Astroparticle physics as a telescope for solar interior, galactic and extragalactic structures

Abstract

Astroparticle physics provide a fundamental tool to investigate the astrophysical structures at different scales. In this thesis the results are presented of three years of research focused on time variations on solar neutrino flux, galactic cosmic rays and fine-structure constant as observed from quasar spectra. These topics are nowadays crucial to investigate structures which otherwise result difficult to probe. In particular time variations in solar neutrinos can give a real time description of the dynamics which take place in the inner regions of the Sun, while the study of galactic cosmic rays through the observation of muons produced by the interaction of the formers with the atmosphere, may give us precious informations on the interaction between TeV particles and heliospheric magnetic fields. Finally the recent observations of variations in the fine-structure constant value from the analysis of quasar absorption spectra, offer new possibilities to probe physical laws at cosmological scales. The thesis is structured as follows. In Chapter One are discussed quasi-biennial oscillations observed on solar neutrino flux and a phenomenological model is proposed to interpret the observed time variations. In the scenario described by the model, the interaction between solar neutrinos and solar matter mediated by magnetogravity modes, is modulated by a background magnetic field varying in time on quasi-biennial time scales. In Chapter Two the 11-yr component recently observed in cosmic muon data from Gran Sasso experiments of MACRO, LVD and Borexino has been reconstructed through the EMD analysis technique.

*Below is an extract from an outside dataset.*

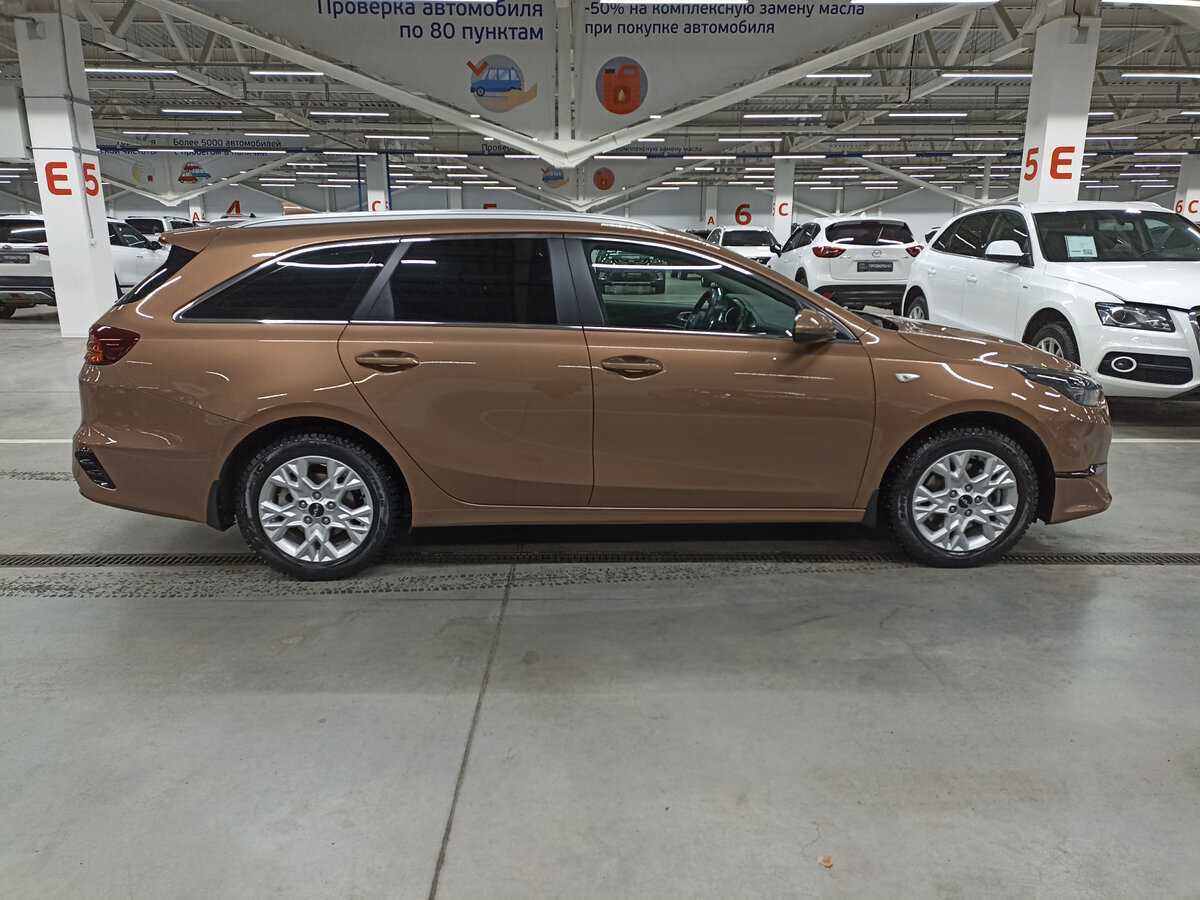 Kia Ceed 2022 года с пробегом. Фото: #3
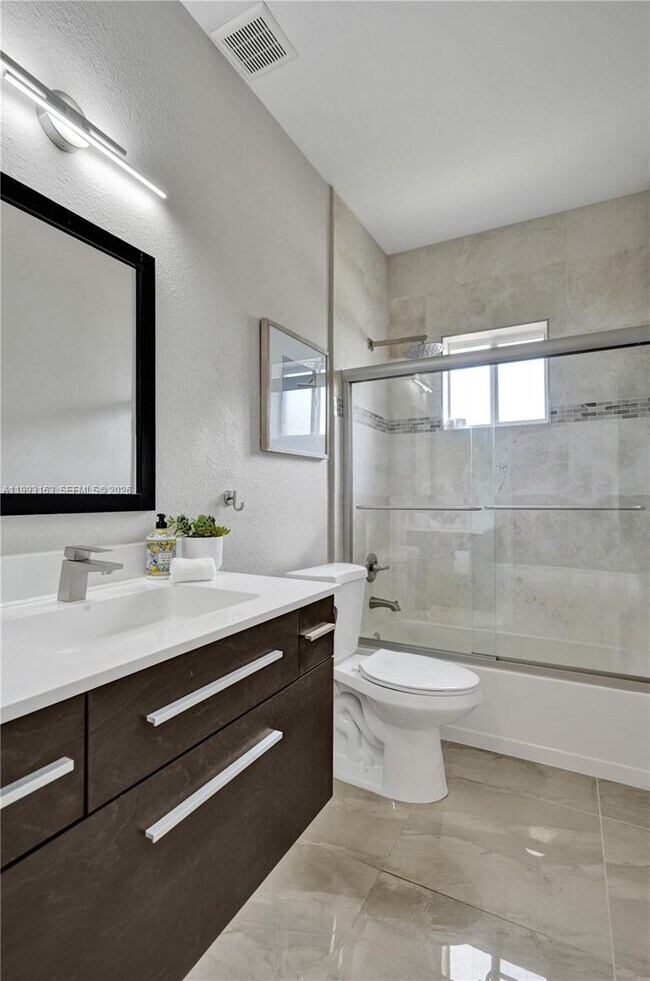 Building Photo - 62 NE 26th St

In Chapter Three the data of fine-structure constant variations as observed in the quasar absorption spectra have been analyzed to search for temporal coherent structures. The thesis is completed by the description in appendix of a new algorithm based on Monte Carlo methods to assign a confidence interval to the IMFs extracted with the EMD analysis, and the application of this method to study the proton and neutrino distributions used in the OPERA experiment for the neutrino velocity measurement. Another appendix is dedicated to detailed description of the effects induced on the magnetogravity spectrum by a background magnetic field with a low-pass bandwidth, thus generalizing the theory of magneto-gravity modes in presence of a time-dependent background magnetic field.